> TASK PROMPT
Repeat, please, only the lines from the top of the data down to the line with "Kjøleskap, mikrobølgeovn, ovn og kokeplater"; include both of those lines.

• • • •

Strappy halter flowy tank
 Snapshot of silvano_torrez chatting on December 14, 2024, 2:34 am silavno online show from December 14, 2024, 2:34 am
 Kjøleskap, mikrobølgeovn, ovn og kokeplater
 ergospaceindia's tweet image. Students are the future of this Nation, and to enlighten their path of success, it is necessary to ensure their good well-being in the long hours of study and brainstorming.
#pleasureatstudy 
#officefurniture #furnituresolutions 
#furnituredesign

• • • •

> TASK ANSWER
Strappy halter flowy tank
 Snapshot of silvano_torrez chatting on December 14, 2024, 2:34 am silavno online show from December 14, 2024, 2:34 am
 Kjøleskap, mikrobølgeovn, ovn og kokeplater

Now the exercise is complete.